* [What you have to do]
Print the data below exactly, but only the lines from the one containing "307 Fiske Avenue, Staten" down to the one containing "Flower Nectar/Neon Fuchsia", inclusive.

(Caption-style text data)
=-=-=-=-=

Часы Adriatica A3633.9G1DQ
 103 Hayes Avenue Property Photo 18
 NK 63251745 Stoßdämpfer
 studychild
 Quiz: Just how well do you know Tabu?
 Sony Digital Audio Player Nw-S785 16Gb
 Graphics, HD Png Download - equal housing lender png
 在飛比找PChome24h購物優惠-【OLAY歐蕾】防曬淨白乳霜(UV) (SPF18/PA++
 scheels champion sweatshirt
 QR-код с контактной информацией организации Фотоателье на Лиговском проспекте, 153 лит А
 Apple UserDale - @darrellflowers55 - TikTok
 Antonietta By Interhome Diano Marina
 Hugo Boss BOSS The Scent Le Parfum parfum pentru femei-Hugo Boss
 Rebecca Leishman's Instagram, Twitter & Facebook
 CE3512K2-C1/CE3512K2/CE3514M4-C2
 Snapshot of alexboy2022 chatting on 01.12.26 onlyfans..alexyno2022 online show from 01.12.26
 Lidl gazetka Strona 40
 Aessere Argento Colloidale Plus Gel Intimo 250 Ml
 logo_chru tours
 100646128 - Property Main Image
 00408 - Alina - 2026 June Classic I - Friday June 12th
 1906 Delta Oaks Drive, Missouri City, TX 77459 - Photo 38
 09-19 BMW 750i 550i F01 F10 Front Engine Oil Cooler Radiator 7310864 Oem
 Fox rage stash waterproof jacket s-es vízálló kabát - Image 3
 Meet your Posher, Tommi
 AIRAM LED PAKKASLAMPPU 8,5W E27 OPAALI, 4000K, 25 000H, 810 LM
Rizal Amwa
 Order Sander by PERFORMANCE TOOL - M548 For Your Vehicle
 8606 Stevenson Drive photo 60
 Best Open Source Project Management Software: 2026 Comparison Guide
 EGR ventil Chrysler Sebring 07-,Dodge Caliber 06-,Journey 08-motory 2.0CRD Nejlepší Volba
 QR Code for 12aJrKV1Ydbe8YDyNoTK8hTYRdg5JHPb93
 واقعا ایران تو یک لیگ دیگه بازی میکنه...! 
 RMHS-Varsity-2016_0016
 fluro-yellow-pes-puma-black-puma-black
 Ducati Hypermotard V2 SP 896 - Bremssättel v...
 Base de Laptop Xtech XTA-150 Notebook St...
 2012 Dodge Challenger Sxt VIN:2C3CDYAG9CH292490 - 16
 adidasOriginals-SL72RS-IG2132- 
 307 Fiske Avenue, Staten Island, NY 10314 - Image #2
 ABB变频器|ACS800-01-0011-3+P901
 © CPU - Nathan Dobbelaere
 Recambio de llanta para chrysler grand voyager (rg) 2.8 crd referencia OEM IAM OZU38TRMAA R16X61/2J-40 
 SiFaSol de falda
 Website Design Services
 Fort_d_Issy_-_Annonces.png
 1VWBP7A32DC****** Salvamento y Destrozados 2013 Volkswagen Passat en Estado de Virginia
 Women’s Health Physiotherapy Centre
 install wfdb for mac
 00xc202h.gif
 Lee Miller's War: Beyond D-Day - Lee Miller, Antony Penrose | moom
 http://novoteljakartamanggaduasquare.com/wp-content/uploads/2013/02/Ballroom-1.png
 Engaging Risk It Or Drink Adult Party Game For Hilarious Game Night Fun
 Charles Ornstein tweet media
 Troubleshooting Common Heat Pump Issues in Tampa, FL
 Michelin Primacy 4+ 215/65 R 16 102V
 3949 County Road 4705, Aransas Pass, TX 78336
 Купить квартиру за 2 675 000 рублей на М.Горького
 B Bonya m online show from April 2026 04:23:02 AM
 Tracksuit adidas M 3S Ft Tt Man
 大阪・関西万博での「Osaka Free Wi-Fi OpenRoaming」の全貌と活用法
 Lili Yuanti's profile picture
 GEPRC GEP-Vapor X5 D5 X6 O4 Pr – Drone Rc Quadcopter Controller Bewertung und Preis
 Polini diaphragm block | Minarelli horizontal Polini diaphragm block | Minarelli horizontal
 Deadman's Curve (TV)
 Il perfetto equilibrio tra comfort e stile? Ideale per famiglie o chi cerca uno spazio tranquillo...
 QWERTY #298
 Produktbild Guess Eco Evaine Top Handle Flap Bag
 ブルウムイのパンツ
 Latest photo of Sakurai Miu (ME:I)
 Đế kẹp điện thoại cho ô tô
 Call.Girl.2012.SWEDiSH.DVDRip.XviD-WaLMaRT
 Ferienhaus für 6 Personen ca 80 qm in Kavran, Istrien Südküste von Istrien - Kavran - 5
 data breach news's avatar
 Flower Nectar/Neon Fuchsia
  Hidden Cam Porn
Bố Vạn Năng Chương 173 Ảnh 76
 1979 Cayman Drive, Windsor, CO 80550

=-=-=-=-=

* [Task result]
 307 Fiske Avenue, Staten Island, NY 10314 - Image #2
 ABB变频器|ACS800-01-0011-3+P901
 © CPU - Nathan Dobbelaere
 Recambio de llanta para chrysler grand voyager (rg) 2.8 crd referencia OEM IAM OZU38TRMAA R16X61/2J-40 
 SiFaSol de falda
 Website Design Services
 Fort_d_Issy_-_Annonces.png
 1VWBP7A32DC****** Salvamento y Destrozados 2013 Volkswagen Passat en Estado de Virginia
 Women’s Health Physiotherapy Centre
 install wfdb for mac
 00xc202h.gif
 Lee Miller's War: Beyond D-Day - Lee Miller, Antony Penrose | moom
 http://novoteljakartamanggaduasquare.com/wp-content/uploads/2013/02/Ballroom-1.png
 Engaging Risk It Or Drink Adult Party Game For Hilarious Game Night Fun
 Charles Ornstein tweet media
 Troubleshooting Common Heat Pump Issues in Tampa, FL
 Michelin Primacy 4+ 215/65 R 16 102V
 3949 County Road 4705, Aransas Pass, TX 78336
 Купить квартиру за 2 675 000 рублей на М.Горького
 B Bonya m online show from April 2026 04:23:02 AM
 Tracksuit adidas M 3S Ft Tt Man
 大阪・関西万博での「Osaka Free Wi-Fi OpenRoaming」の全貌と活用法
 Lili Yuanti's profile picture
 GEPRC GEP-Vapor X5 D5 X6 O4 Pr – Drone Rc Quadcopter Controller Bewertung und Preis
 Polini diaphragm block | Minarelli horizontal Polini diaphragm block | Minarelli horizontal
 Deadman's Curve (TV)
 Il perfetto equilibrio tra comfort e stile? Ideale per famiglie o chi cerca uno spazio tranquillo...
 QWERTY #298
 Produktbild Guess Eco Evaine Top Handle Flap Bag
 ブルウムイのパンツ
 Latest photo of Sakurai Miu (ME:I)
 Đế kẹp điện thoại cho ô tô
 Call.Girl.2012.SWEDiSH.DVDRip.XviD-WaLMaRT
 Ferienhaus für 6 Personen ca 80 qm in Kavran, Istrien Südküste von Istrien - Kavran - 5
 data breach news's avatar
 Flower Nectar/Neon Fuchsia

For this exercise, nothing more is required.